Communication with adults - the first month of life of the child
American scientist W. Condon discovered the ability of a newborn to move to the beat of an adult's speech on the first day of life, just as adult listeners do. These first responses are reflexive, they can not yet be called communication in our understanding, but they are very important. The first manifestations of the connection between mother and child, the scientists called "splicing", or "tuning behavior."It consists in the fact that the sound signals of the child affect the tonality and the tempo of the mother's speech and, conversely, the mother's speech affects the sounds produced by the baby.
Do not miss the first smile! A smile that arises as a congenital unconditioned reflex at the age of up to 2 weeks is not a smile in the full sense. The present appears at the age of 2 to 8 weeks and becomes a reaction to the human voice or face. It is more expressive and lasting. The appearance of this smile marks the end of the period of newborn.
During feeding, if the child lies in the "under the chest" position, his gaze rushes to the mother's face, sometimes moves: the child as it were trying to look at the face. At first, his eyes often fix the border of the hair and forehead of the mother. By the 3rd week the baby's eyes fix the eyes of the mother. The visual concentration on the face of an adult, the auditory focus on his voice form an indicative component of communication.
The period of newborns is the first critical period in the development of a child. This is a transition from a dependent type of existence to a form of individual life. Transition to a new form of breathing, from darkness to light, from heat to cold, from one type of food to another. Other types of physiological regulation of behavior come into play, and many systems begin to function anew.
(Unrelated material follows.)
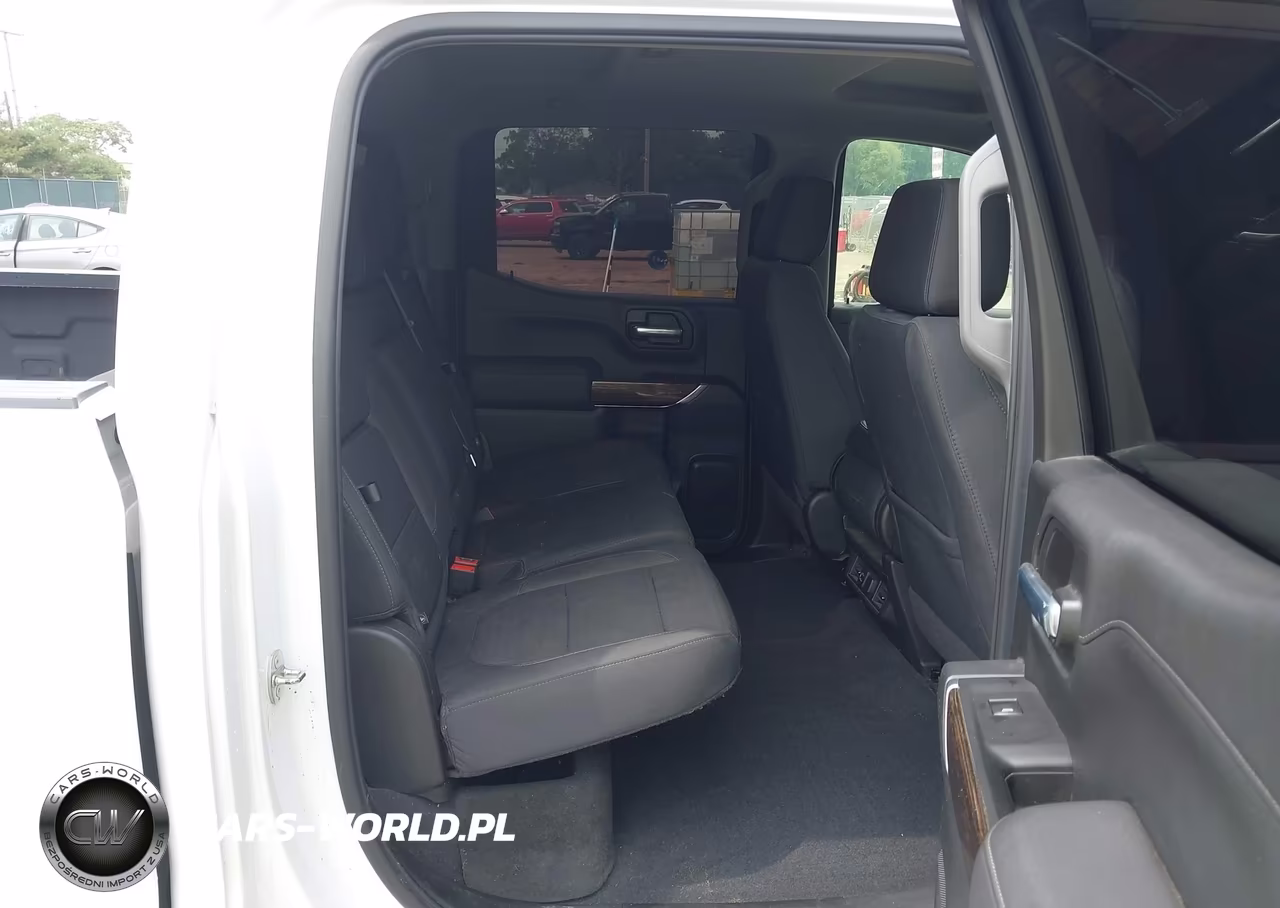 2020 GMC Sierra 1500 4Wd Short Box Sle VIN:1GTU9BED2LZ152408 - 8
The emergence of a "revitalization complex" is a psychological criterion for the end of the newborn crisis.
• Create the feeling that you love and care for him.
• Learn to find the cause of his displeasure( uncomfortable folds of clothes or diapers, hunger, uncomfortable position, accumulation of gases).
• Help him learn how to hold the head, laying the child more often on the stomach, several times a day.
• Take on the hands more often: the child develops various reactions to changes in the position of the body.
• Lean over the crib, smile at the kid, call out, attract his attention.
• Talk with him during feeding, swaddling, bathing.